__What to produce__: This exercise asks for the entries to be repeated exactly, without their images.

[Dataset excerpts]

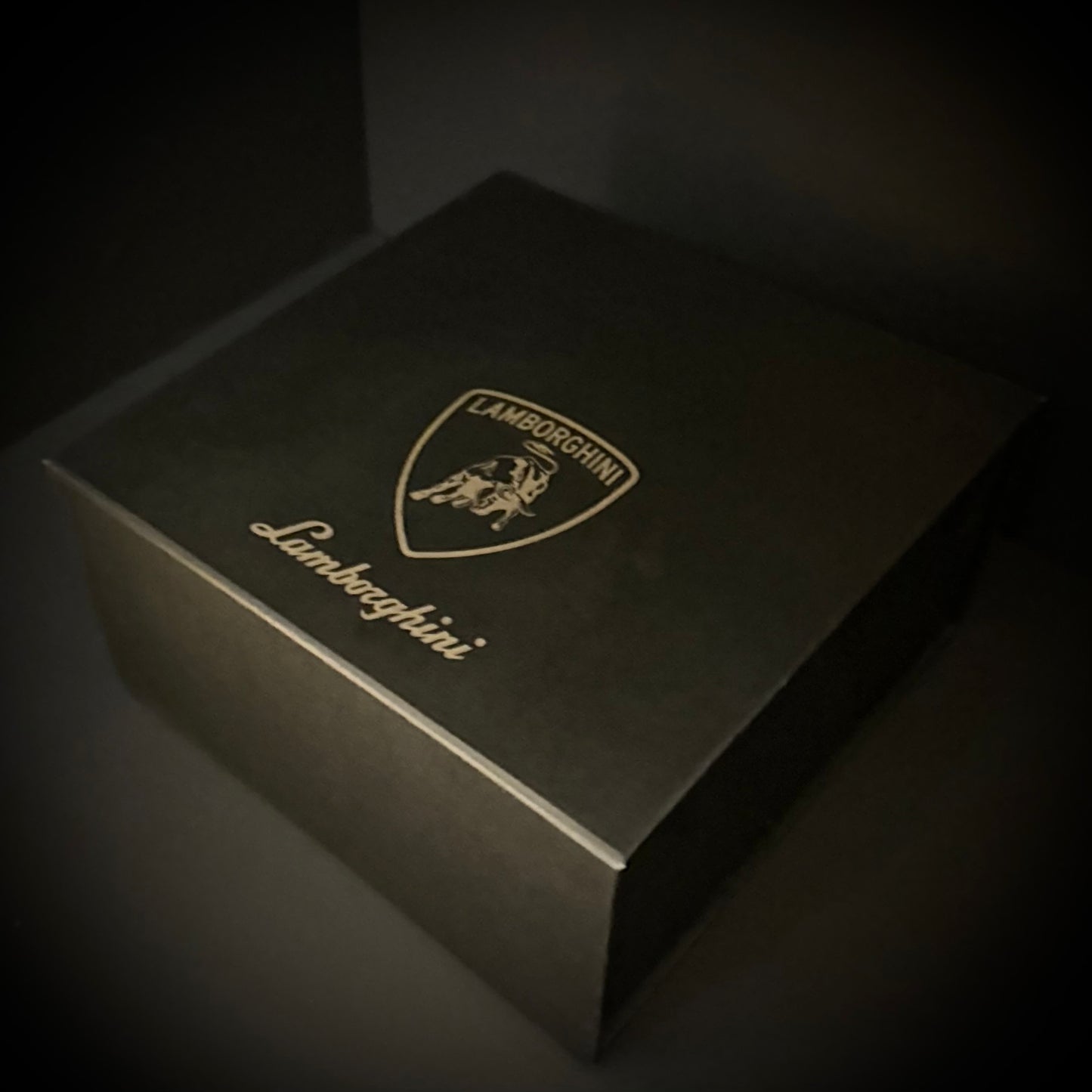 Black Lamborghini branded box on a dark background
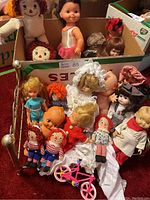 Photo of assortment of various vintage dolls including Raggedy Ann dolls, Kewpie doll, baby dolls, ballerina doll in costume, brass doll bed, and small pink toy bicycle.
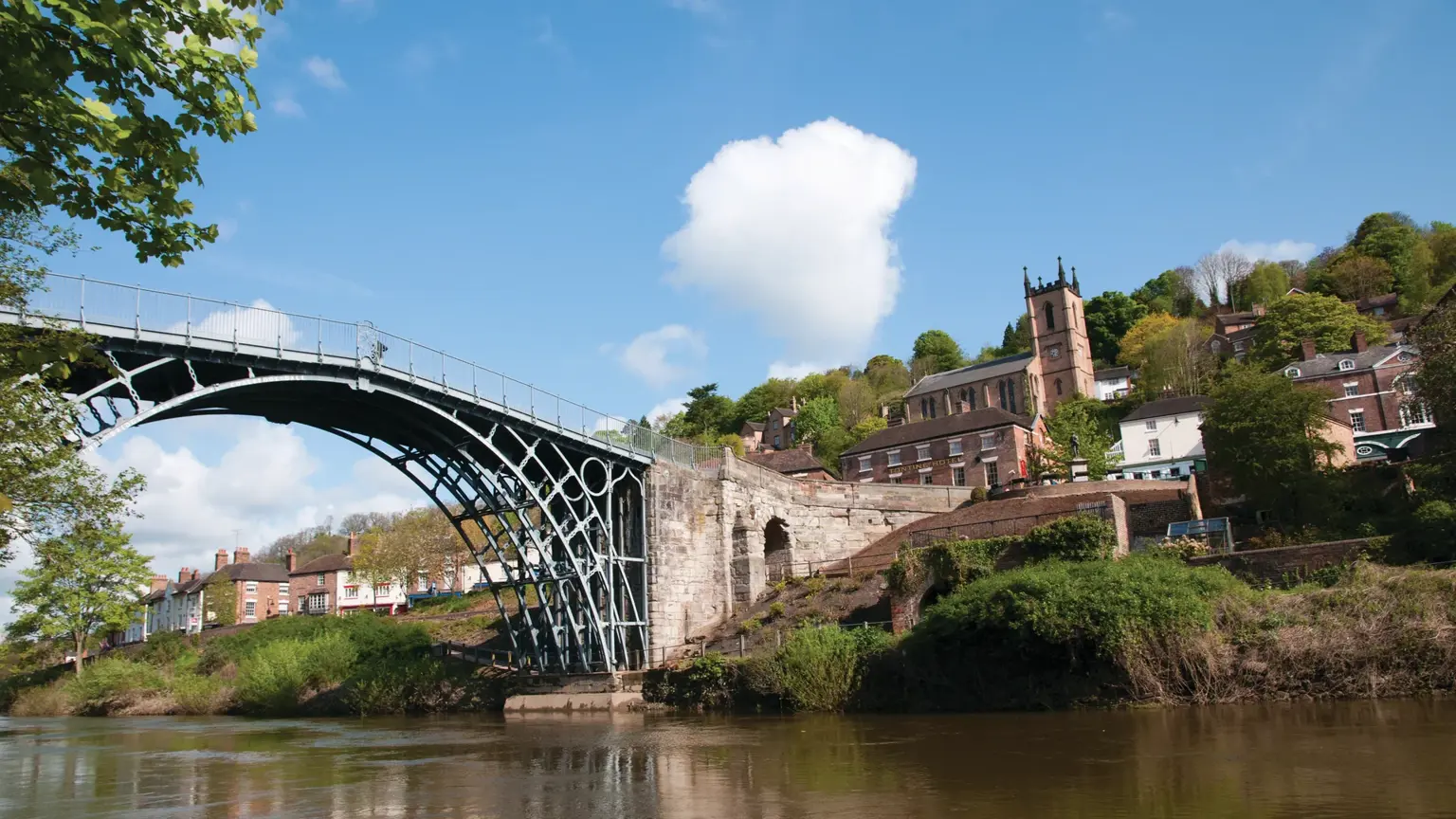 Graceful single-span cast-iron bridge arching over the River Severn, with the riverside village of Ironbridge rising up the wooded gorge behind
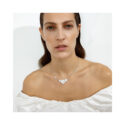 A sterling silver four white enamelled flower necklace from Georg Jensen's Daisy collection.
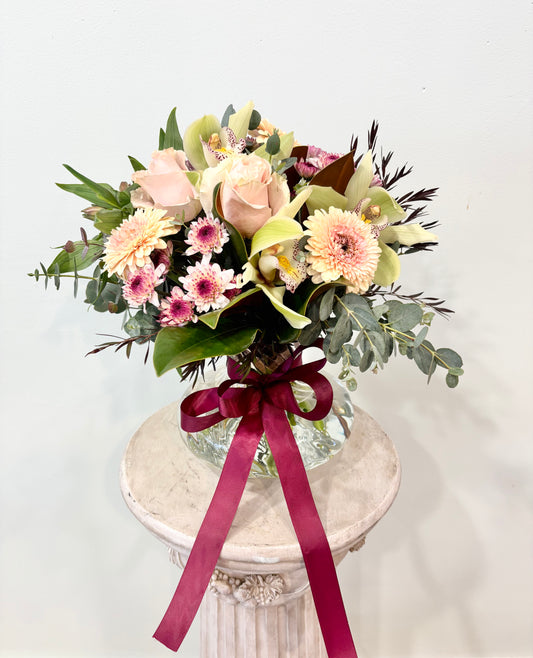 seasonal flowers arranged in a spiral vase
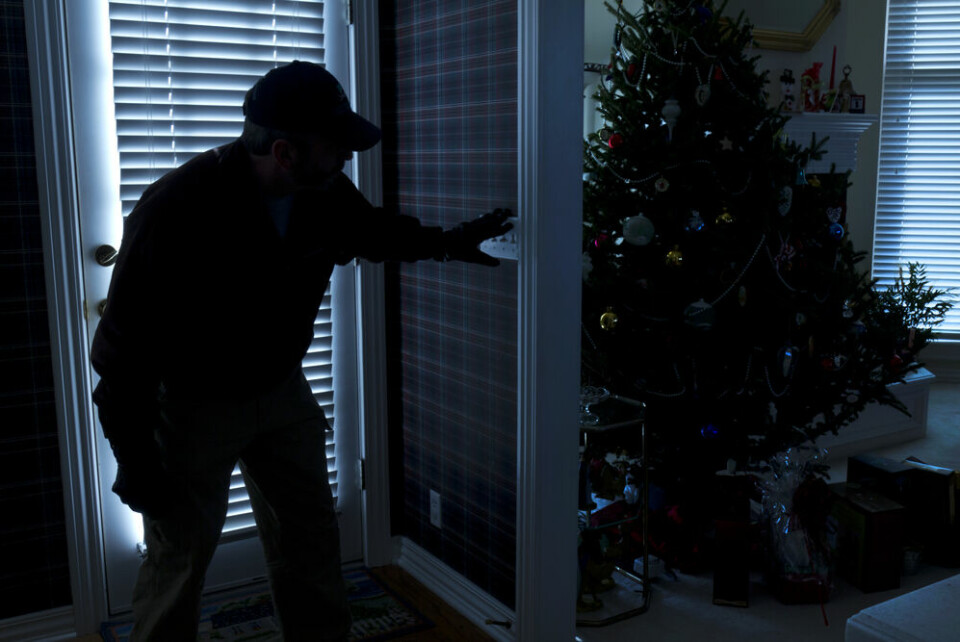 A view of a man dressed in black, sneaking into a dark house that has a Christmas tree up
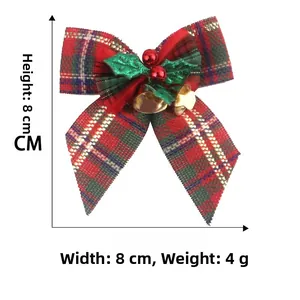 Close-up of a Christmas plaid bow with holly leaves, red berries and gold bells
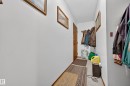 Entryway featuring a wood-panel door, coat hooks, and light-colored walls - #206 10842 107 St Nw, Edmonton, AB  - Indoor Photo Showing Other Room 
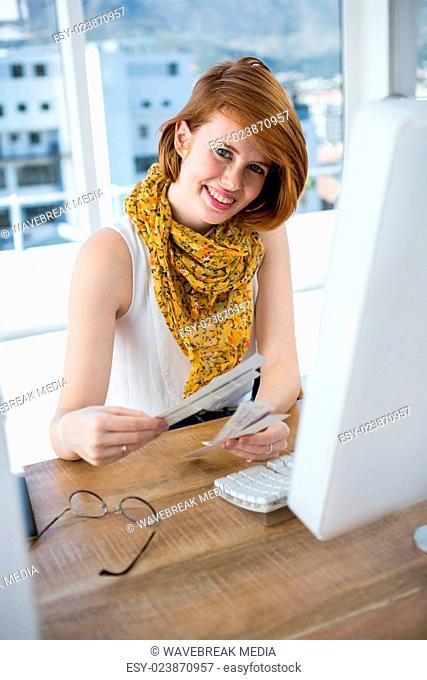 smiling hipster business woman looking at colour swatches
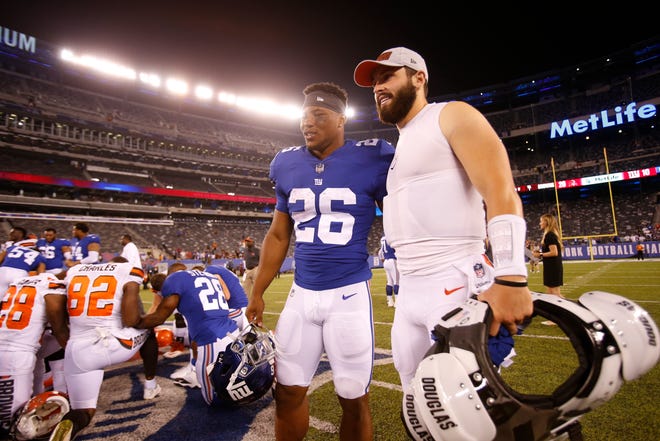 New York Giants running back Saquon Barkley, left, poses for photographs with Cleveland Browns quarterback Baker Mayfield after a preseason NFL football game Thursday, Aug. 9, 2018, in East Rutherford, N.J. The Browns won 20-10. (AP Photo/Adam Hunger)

__Response for this exercise__:
 Black Lamborghini branded box on a dark background
 Photo of assortment of various vintage dolls including Raggedy Ann dolls, Kewpie doll, baby dolls, ballerina doll in costume, brass doll bed, and small pink toy bicycle.
 Graceful single-span cast-iron bridge arching over the River Severn, with the riverside village of Ironbridge rising up the wooded gorge behind
 A sterling silver four white enamelled flower necklace from Georg Jensen's Daisy collection.
 seasonal flowers arranged in a spiral vase
 A view of a man dressed in black, sneaking into a dark house that has a Christmas tree up
 Close-up of a Christmas plaid bow with holly leaves, red berries and gold bells
 Entryway featuring a wood-panel door, coat hooks, and light-colored walls - #206 10842 107 St Nw, Edmonton, AB  - Indoor Photo Showing Other Room 
 smiling hipster business woman looking at colour swatches
 New York Giants running back Saquon Barkley, left, poses for photographs with Cleveland Browns quarterback Baker Mayfield after a preseason NFL football game Thursday, Aug. 9, 2018, in East Rutherford, N.J. The Browns won 20-10. (AP Photo/Adam Hunger)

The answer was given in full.